L’entità delle perdite causate da questa siccità non è dovuta solo alle condizioni meteorologiche estreme, ma anche al fatto che l’attuale sistema di approvvigionamento idrico della California non è in grado di soddisfare le esigenze dell’agricoltura moderna e dello sviluppo urbano. Il sistema di approvvigionamento idrico in California è stato costruito più di 50 anni fa, quando la popolazione contava circa 20 milioni di abitanti. Oggi la popolazione ammonta a quasi 40 milioni e la coltivazione agricola è raddoppiata. Tuttavia, il governo non ha potenziato il sistema di approvvigionamento idrico e la capacità di stoccaggio dell’acqua è insufficiente a garantire la domanda idrica agricola. Un altro fattore è la sovraestrazione a lungo termine delle acque sotterranee. Durante i cinque anni di siccità, dal 2012 al 2016, si è verificato un vasto pompaggio di acque sotterranee per l’irrigazione, che non solo ha danneggiato le risorse naturali ma ha anche esacerbato i problemi di scarsità idrica.

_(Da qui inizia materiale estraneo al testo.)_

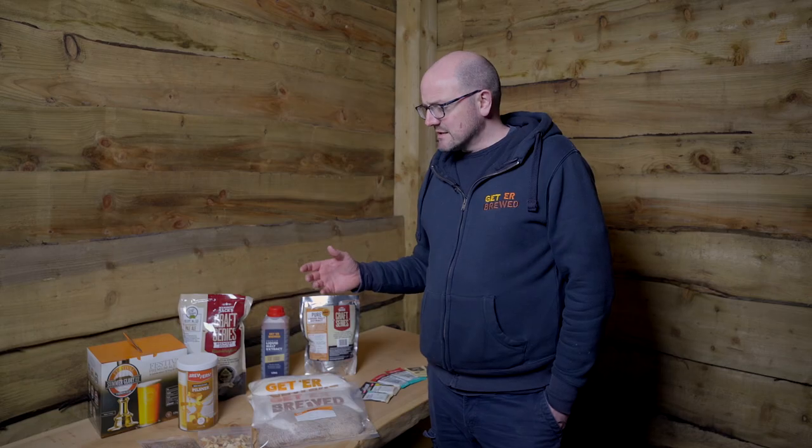For example, Pilsner and Lager styles work exceptionally well with dextrose because it gives them that drier finish. Whereas liquid malt extract works exceptionally well with IPAs and ales because it puts that more malt flavour into it. It's entirely your choice what enhancer you want to use.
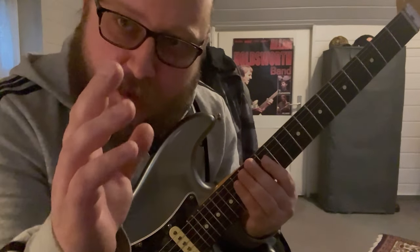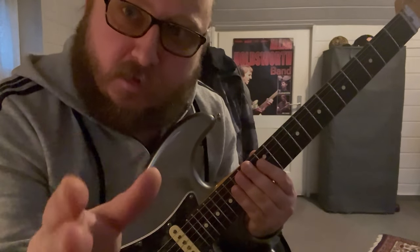Play every chord in a clear way. Have fun. Thank you.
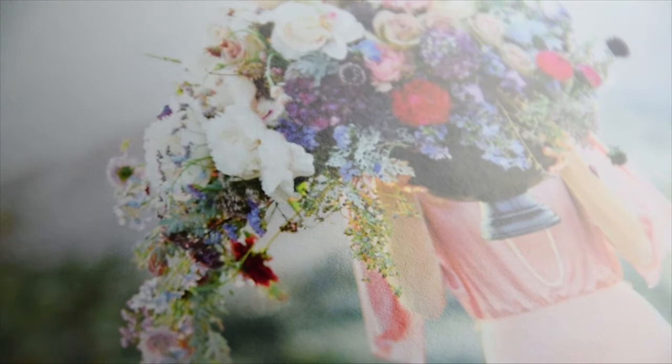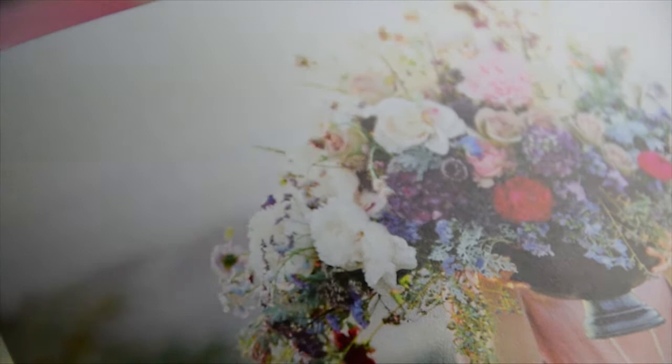Canson Infinity Platine Fiber Rag: a 100% cotton paper with a slight texture and unique satiny finish. It displays deep blacks and gray tones extremely well, making it perfect for black and white photos.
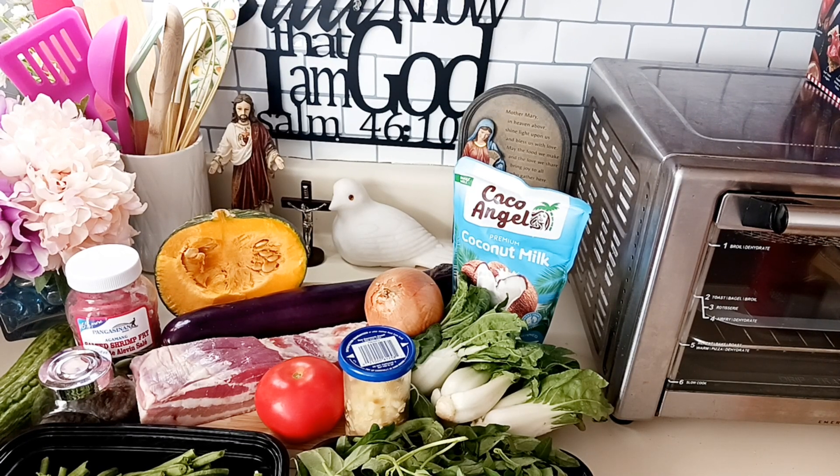Good afternoon everyone, welcome back, and I welcome all those new subscribers — thank you for your support. Today we will cook ginataang mixed vegetable, or we call it ginataang gulay in Tagalog.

Mentre il modello meteorologico passa a El Niño, la California ha sperimentato molteplici tempeste di neve e forti piogge durante l’inverno, aumentando significativamente l’approvvigionamento idrico e migliorando le condizioni di umidità del suolo. Si prevede una ripresa della produzione. Al 1° agosto 2023, solo il 25,6% delle aree della California sta vivendo condizioni di siccità, rispetto all’intero stato che era in siccità nello stesso periodo dell’anno scorso, con quasi il 60% delle aree in condizioni di siccità estrema. Ciò indica un miglioramento significativo del clima della California quest’anno. Il WPTC prevede che la produzione di pomodori trasformati della California raggiungerà i 10,9 milioni di tonnellate nel 2023, con un aumento su base annua del 14,6%. D’altro canto, le piogge primaverili e le inondazioni hanno anche provocato un ritardo nella semina dei pomodori, un ritardo nella maturazione delle colture e potenziali sfide come difficoltà nella raccolta e aumento del rischio di parassiti e malattie.